Does in-house agency training count?
Not unless it has been formally approved by the OFT and carries a QLDCPD20 session code. Internal team training, vendor workshops, franchise-delivered professional development, and third-party sales training courses — however valuable they may be — do not satisfy the CPD obligation unless they have OFT approval and the correct session identifier. CPD training is separate to other training you may have completed when applying for your licence or registration.
What if I hold both a licence and a registration certificate?
If you hold multiple licences or if you hold both a licence and a registration, use the one with the earliest issue date to determine your CPD year. You complete your two sessions against that earlier date.
Does my CPD need to be relevant to my specific practice area?
The OFT does not prescribe that you must choose sessions directly matching your practice area (e.g., residential sales vs. property management). However, the practical guidance from approved providers — and common sense — suggests choosing sessions with direct relevance to your day-to-day role. If you are a Licensee-in-Charge, your CPD training must be detailed in your agency training plan. The topics included should be those most relevant to your role and responsibilities.
What happens if I genuinely cannot complete CPD in time?
You can apply for an exemption for any given CPD year if you can’t complete your CPD due to exceptional circumstances. The application must include evidence supporting the claim and is lodged when you renew or restore your licence. The OFT assesses each application individually. Approval is not automatic. Agents who anticipate difficulty completing CPD due to extended leave or health circumstances should contact the OFT proactively rather than waiting until renewal time.
What This Means for Queensland Agents
The minimum CPD requirement in Queensland is two approved sessions per year — approximately four to six hours of structured, OFT-approved training.
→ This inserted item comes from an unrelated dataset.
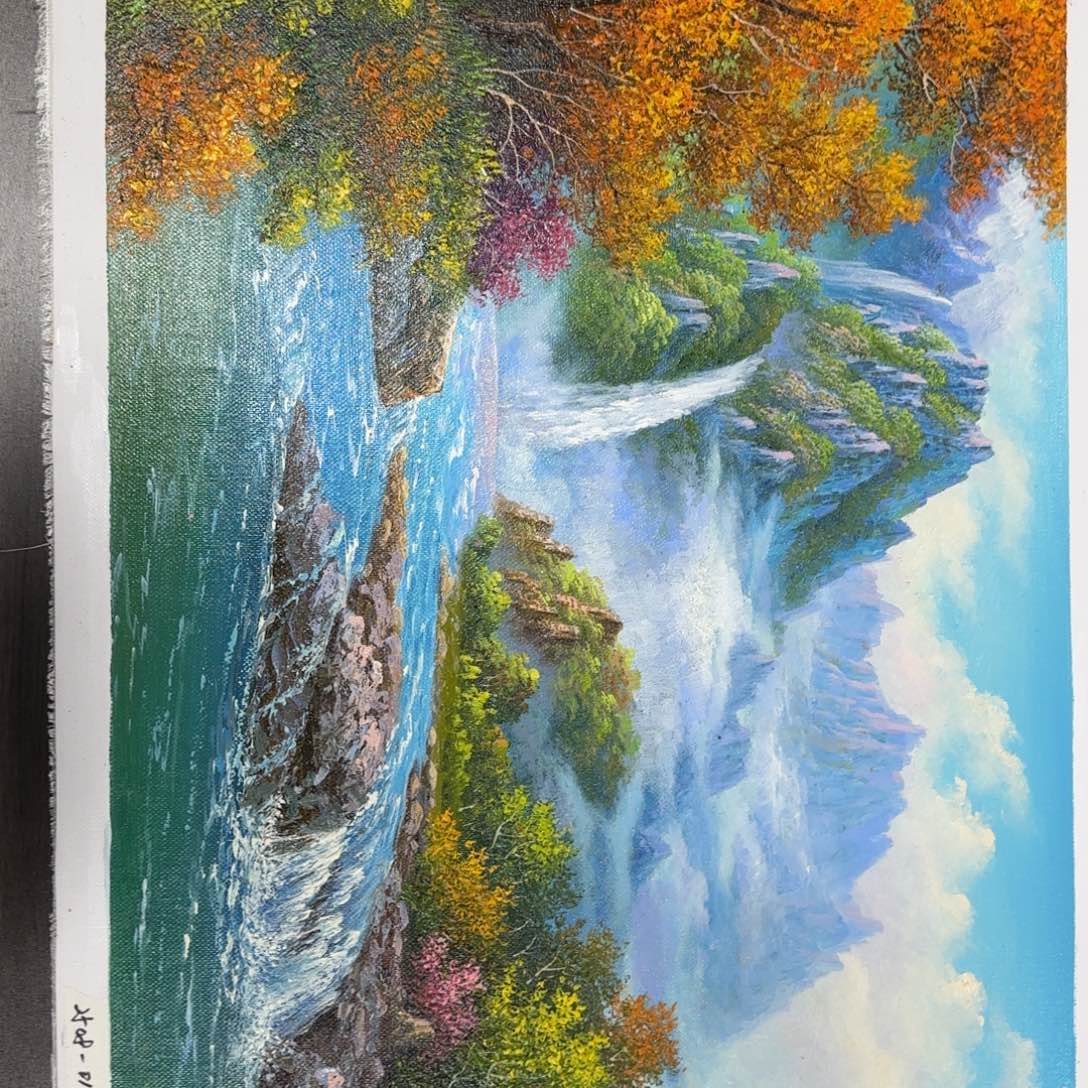 油画一起吃火锅的感觉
The unit of compliance is the session, not the hour. Your CPD year begins on the anniversary of your licence or registration issue date, not a universal industry calendar date. You must hold proof of completion for five years.
For agents who have been attending REIQ events, conferences, and industry training throughout their careers, the new framework largely formalises what many were already doing. The significant practical change, as the OFT itself has noted, is the need to keep relevant evidence of the courses you’ve undertaken. If you don’t retain your certificates, you have no CPD — regardless of whether you attended the session.
For principals managing teams, CPD compliance is now an agency administration responsibility alongside licence renewals and trust account obligations. Each team member has their own individual CPD year. Building a simple tracking system — even a spreadsheet logging each person’s licence issue date, CPD year start, session codes completed, and certificate storage location — significantly reduces the risk of someone reaching renewal with an incomplete record.
The broader shift is institutional. Queensland was the last jurisdiction in Australia without mandatory ongoing training requirements for property agents. Queensland agents were previously required to undertake initial training to become registered or licensed, however there were no further training requirements to make sure they kept up with evolving consumer expectations and agent obligations. That model is now closed. Annual CPD is part of the professional infrastructure of holding a Queensland property licence — as fundamental to maintaining your registration as paying your renewal fee.
CPD requirements are set and administered by the Queensland Office of Fair Trading under the Property Occupations Act 2014. The approved list of CPD sessions is updated regularly at qld.gov.au. Confirm your specific CPD year and approved session options directly with the OFT or an approved training provider.